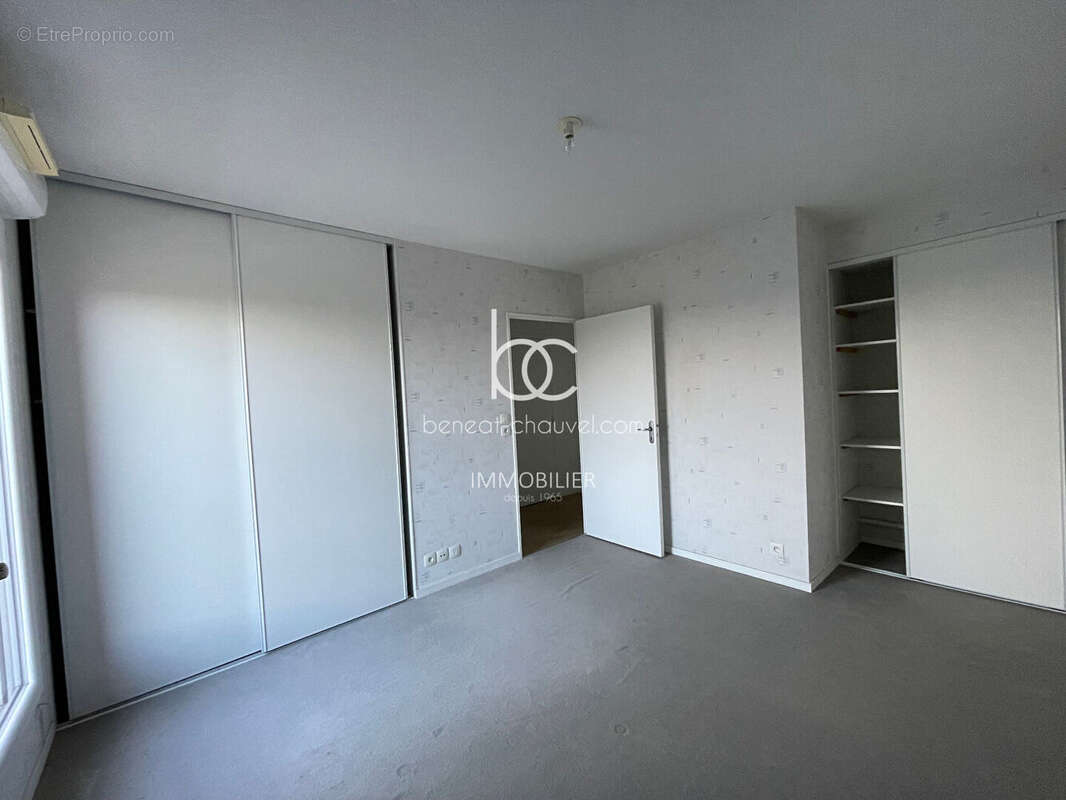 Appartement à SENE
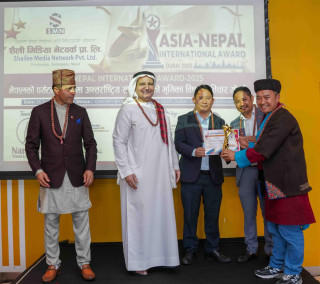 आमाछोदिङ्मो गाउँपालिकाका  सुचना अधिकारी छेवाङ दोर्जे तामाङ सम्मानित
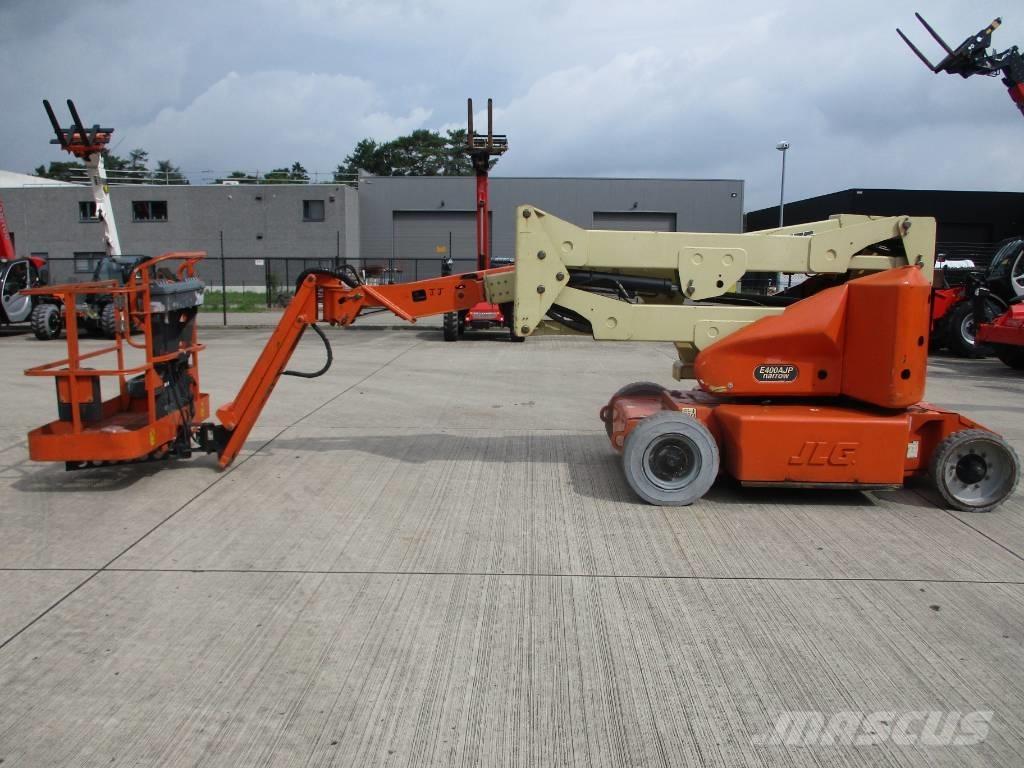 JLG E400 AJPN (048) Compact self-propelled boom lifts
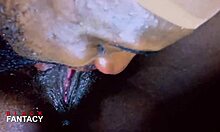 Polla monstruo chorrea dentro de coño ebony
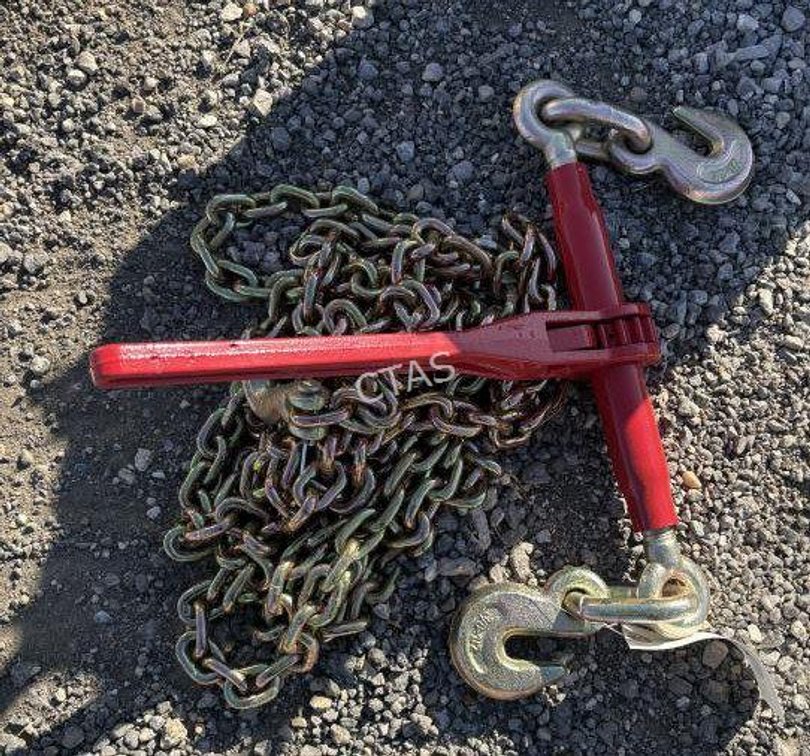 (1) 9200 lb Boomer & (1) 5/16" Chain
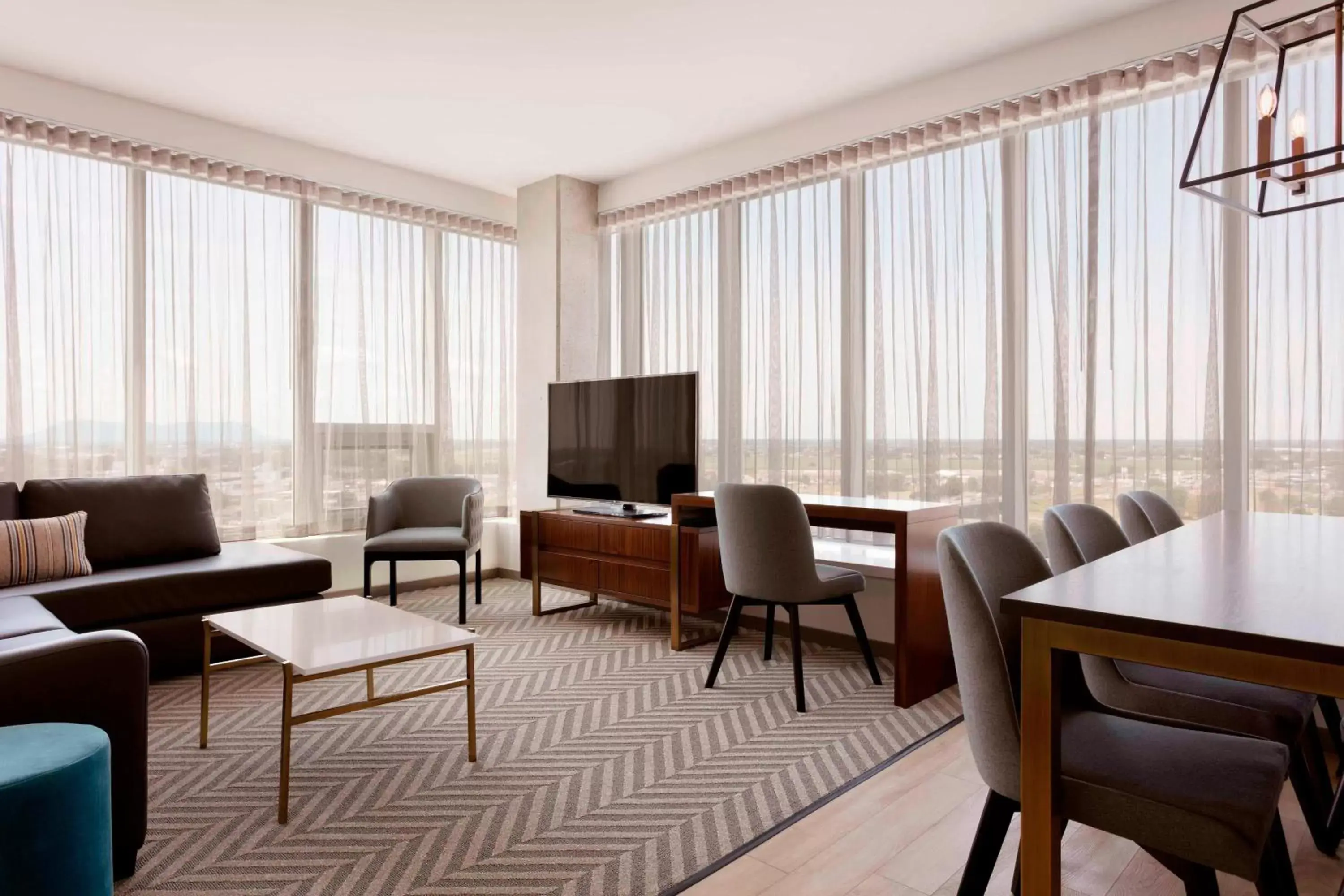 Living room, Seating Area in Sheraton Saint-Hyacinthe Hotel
■ ■ ■ ■ ■ ■ ■
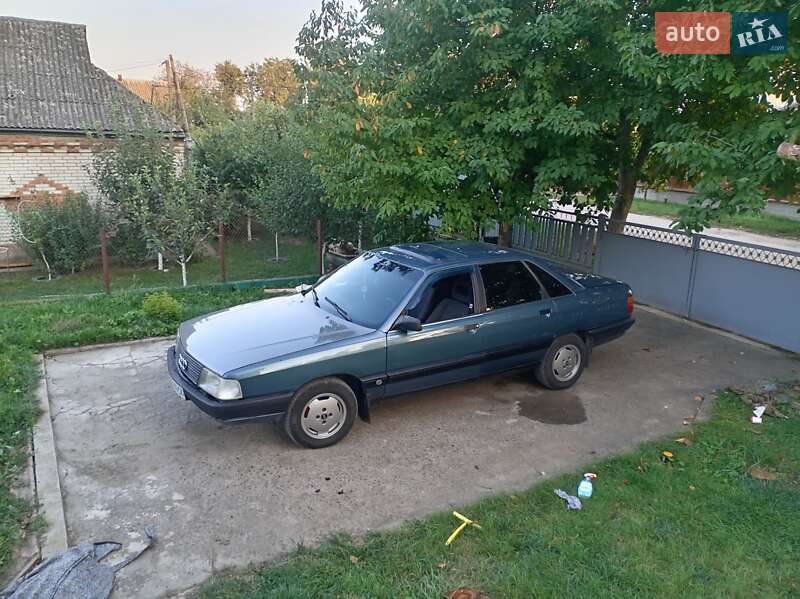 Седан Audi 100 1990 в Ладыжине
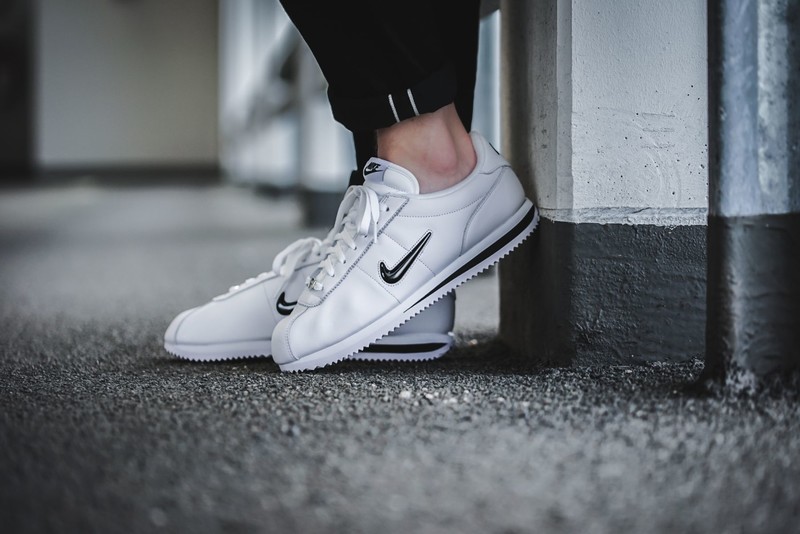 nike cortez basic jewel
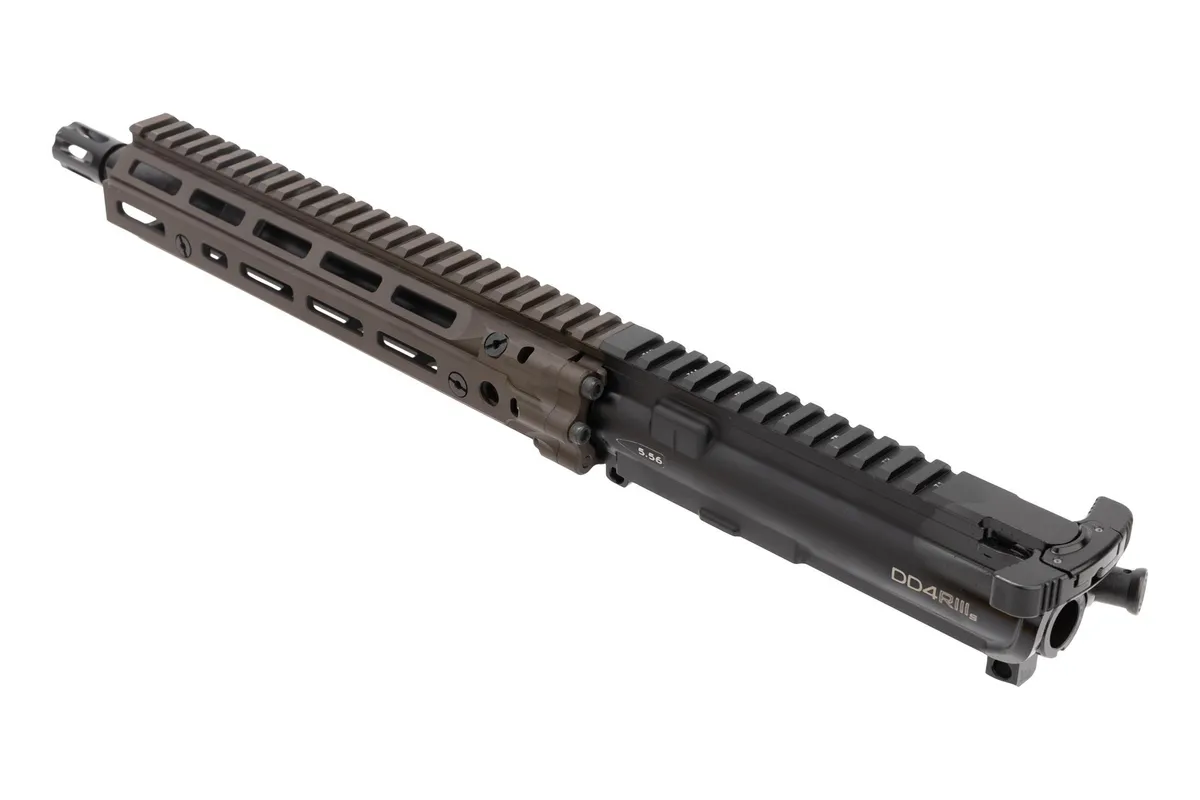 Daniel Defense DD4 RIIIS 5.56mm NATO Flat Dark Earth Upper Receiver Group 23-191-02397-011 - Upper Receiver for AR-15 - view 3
■ ■ ■ ■ ■ ■ ■
# Exercise requirements
Pictures aside, print exactly the lines above starting with the one containing "Polla monstruo chorrea dentro de coño ebony" and going on through the one containing "Living room, Seating".

# Answer box
 Polla monstruo chorrea dentro de coño ebony
 (1) 9200 lb Boomer & (1) 5/16" Chain
 Living room, Seating Area in Sheraton Saint-Hyacinthe Hotel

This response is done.